La boîte de Pandore est ouverte, elle ne peut plus être refermée
Si la loi CLARITY échoue et que la SEC impose des règles de régulation, l'industrie des cryptomonnaies dispose encore d'au moins deux ans et demi pour se développer — jusqu'à ce qu'un nouveau gouvernement puisse nommer un nouveau président de la SEC. À ce moment-là, quel que soit le président de la SEC, il ne pourra plus refermer la « boîte de Pandore » déjà ouverte.
La réalité est que Washington réagit toujours avec retard face aux grandes transformations technologiques, et les conséquences finales sont souvent moins graves que ce que l'on imaginait. En 1994, la Chambre des représentants a adopté à une large majorité — 423 voix pour, 4 contre — une vaste réforme des télécommunications, mais le projet de loi a été bloqué au Sénat sans jamais faire l'objet d'un vote plénière. Cela ne vous semble-t-il pas familier ? Mais Internet n'a pas attendu. Au cours des deux années suivantes, le navigateur Netscape a été lancé et a fait son entrée en bourse, Amazon et eBay ont été fondés, et le nombre de sites web a connu une croissance exponentielle. Le Congrès a fini par rattraper son retard : en 1996, la loi sur les télécommunications a été adoptée au Sénat par une écrasante majorité de 91 voix contre 5, posant les bases de la croissance du secteur pendant les décennies suivantes. En regardant en arrière, ce retard politique de deux ans n'a pas véritablement ralenti le développement du secteur.

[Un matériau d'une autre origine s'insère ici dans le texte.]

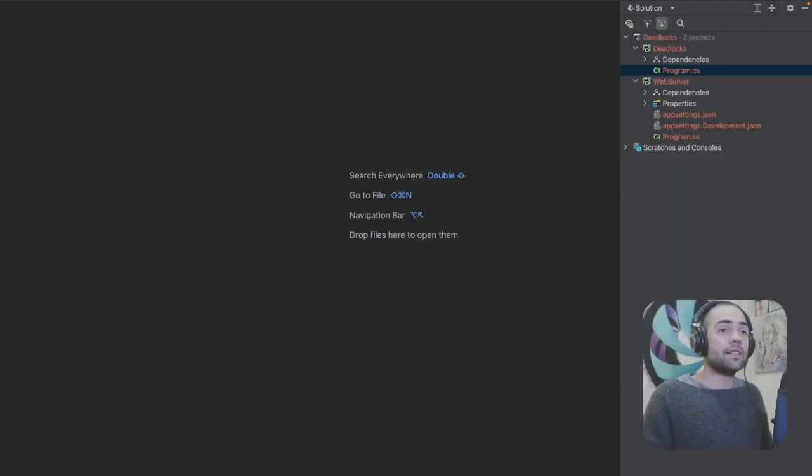So today I'm going to show you how you can reconstruct and simulate deadlocks and what you need to watch out for as the main symptom for detecting deadlocks. Let's go ahead and get started.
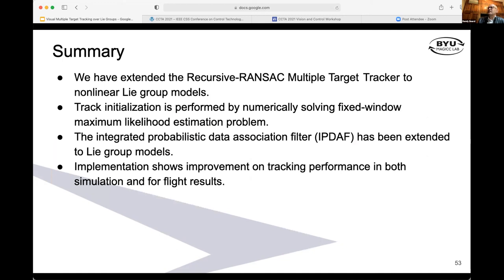We've extended the recursive RANSAC multiple target tracking idea to nonlinear Lie group models, with the intent of doing a better job of tracking targets as they move in non-straight trajectories. Part of that required track initialization by solving a fixed-window maximum likelihood estimation problem. We've also extended the IPDAF filter to Lie groups, and implementation shows we are getting performance benefits both in simulation and in flight tests.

L'efficacité de la gouvernance à Washington laisse à désirer. Il est absurde, à mes yeux, qu'on ne parvienne pas à adopter une loi qui protège les investisseurs tout en stimulant l'innovation. Mais cela ne peut pas servir à juger si les actifs cryptographiques méritent de faire partie de l'infrastructure financière mondiale. Le fait que la cryptographie soit devenue un maillon du système financier est déjà une réalité établie. Aujourd'hui, le secteur cryptographique a accumulé suffisamment d'élan pour redéfinir, au cours des prochaines décennies, l'ensemble du système financier, quel que soit le résultat du Congrès dans les jours à venir.